Antes de adentrar o ambiente escuto a conversa entre as serviçais e minhas mulheres. Antonieta e Berenice estão descascando batatas. Quando estão entediadas elas brincam de donas de casa.

- Vocês nunca quiseram ter filhos? – Bernadete pergunta as minhas mulheres. Meus pés fincam no chão. Eu sei que ouvir a conversa atrás da porta não é educado, porém, de todas as coisas que eu já fiz, essa não vai ser a mais cruel.
- Não, eu nunca quis ter filhos. – Antonieta quebra o silencio constrangedor. – Eu sempre me vi como uma mulher livre e um filho me prende. Me prende à um homem, à uma casa, à um reino. Sem contar que uma criança toma para si toda a vida boa. – Ela arranca risos das mulheres da cozinha. Essa é Antonie, uma mulher encantadora, um cisne. E a vida de dona de casa, realmente não combina com ela. Até mesmo agora, descascando batatas, eu tenho dó das batatas.
- Eu quero. – Berenice diz. Os olhares se voltam pra ela, eu engulo em seco, observando através da fresta da porta. Ela pisca várias vezes, acho que nunca proferiu essas palavras em voz alta. – Eu quero uma criança! Um menino ou uma menina, tanto faz. – Ela coloca a mão na barriga. – Eu poderia ensiná-lo tudo que o mar exige de um homem e a ela, eu poderia ensinar tudo que a vida exige de uma mulher. – A cozinha inteira não diz uma palavra. Berenice larga as batatas e limpa os olhos. – Eu sempre fui muito romântica! – Ela sorri, as outras mulheres sorriem em piedade. – Não é como se eu não tivesse tentado. – Ela explica e eu começo a rever nossas noites em conjunto. – Mas acho que os deuses não me presenteariam com tal benção. – Antonieta a abraça, por que sabe que esse assunto é delicado e Berenice estar compartilhando sua dor é algo que lhe exigiu muita força.
- Acha que o Duque aceitaria? A criança? – Uma serviçal pergunta. Eu me espanto com a dúvida. O que ela acredita que eu faria? Jogaria o bebê no oceano? Ela acha que eu sou algum tipo de bárbaro?
- Ele seria o homem mais feliz do mundo. Tendo um herdeiro, que queira estar nos mares. – Sei que ela está falando de Dona e de minha filha, que se negam a embarcar junto comigo, muito menos herdar meu legado. Eu não consigo continuar ali, viro em passos largos tomando meu caminho de volta ao meu quarto, quando me deparo com Tavaras, recostada no corredor.

- Nunca te disseram que não é educado ouvir a conversa de senhoras, atrás da porta? – Ela me questiona de braços cruzados.

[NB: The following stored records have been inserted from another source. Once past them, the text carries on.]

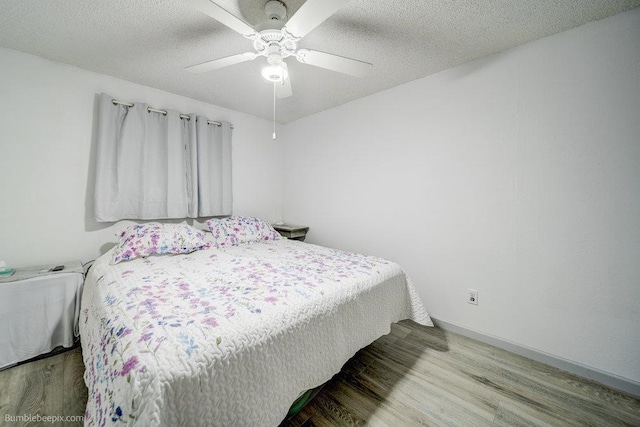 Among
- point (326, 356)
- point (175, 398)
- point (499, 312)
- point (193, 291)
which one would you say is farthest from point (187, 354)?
point (499, 312)

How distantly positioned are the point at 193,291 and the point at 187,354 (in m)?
0.55

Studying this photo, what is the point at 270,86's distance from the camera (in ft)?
7.78

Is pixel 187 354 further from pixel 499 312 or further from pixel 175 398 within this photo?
pixel 499 312

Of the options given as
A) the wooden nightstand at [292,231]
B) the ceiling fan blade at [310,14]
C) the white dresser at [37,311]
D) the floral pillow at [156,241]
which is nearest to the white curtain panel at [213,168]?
the floral pillow at [156,241]

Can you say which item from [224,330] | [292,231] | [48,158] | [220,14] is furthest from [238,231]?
[220,14]

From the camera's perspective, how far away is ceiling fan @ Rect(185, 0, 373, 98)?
1.05 m

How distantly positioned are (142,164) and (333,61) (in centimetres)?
205

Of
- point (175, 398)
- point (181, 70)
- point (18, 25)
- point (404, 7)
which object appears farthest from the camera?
point (181, 70)

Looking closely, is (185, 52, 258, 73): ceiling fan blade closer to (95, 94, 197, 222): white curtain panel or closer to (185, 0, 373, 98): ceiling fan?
(185, 0, 373, 98): ceiling fan

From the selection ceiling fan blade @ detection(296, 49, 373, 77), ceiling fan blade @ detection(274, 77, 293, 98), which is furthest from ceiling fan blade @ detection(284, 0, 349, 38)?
ceiling fan blade @ detection(274, 77, 293, 98)

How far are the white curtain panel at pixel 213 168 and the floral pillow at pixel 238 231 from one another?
256 mm

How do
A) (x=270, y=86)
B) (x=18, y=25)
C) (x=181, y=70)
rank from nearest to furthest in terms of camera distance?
(x=18, y=25), (x=181, y=70), (x=270, y=86)

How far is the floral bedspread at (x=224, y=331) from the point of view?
0.75 m

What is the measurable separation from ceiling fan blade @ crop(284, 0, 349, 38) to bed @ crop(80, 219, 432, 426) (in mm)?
1334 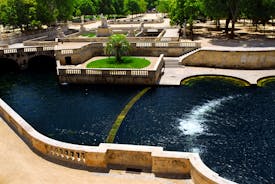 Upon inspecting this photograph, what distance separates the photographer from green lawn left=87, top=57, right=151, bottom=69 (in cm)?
3950

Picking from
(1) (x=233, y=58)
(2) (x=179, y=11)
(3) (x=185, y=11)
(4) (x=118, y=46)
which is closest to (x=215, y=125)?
(1) (x=233, y=58)

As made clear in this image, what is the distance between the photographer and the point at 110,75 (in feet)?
119

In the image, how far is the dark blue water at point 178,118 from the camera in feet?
66.4

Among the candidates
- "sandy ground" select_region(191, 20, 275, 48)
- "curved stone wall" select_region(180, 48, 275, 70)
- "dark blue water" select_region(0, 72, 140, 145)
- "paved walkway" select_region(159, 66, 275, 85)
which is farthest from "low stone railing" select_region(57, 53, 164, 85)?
"sandy ground" select_region(191, 20, 275, 48)

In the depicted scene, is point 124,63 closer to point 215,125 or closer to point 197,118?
point 197,118

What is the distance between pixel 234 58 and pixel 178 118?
18.4m

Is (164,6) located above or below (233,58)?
above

- Infelizmente as senhoras em questão não costumam conversar sobre tais assuntos em minha presença. – Eu digo, Tavaras me encara. Ela entende meu amor por Dona, como ninguém. Ela divide a mesma paixão.
- Maria dormiu com você essa manhã. – Ela diz, não em tom de pergunta ou acusatório, apenas conversa solta.
- Sim, ainda está no meu quarto. – Eu digo.
- Espero que tenham se divertido. – Ela responde. Tomando rumo para a sala de reuniões. – Você vem? – Ela me pergunta, eu a sigo. Negócios podem acalmar minha confusão interna.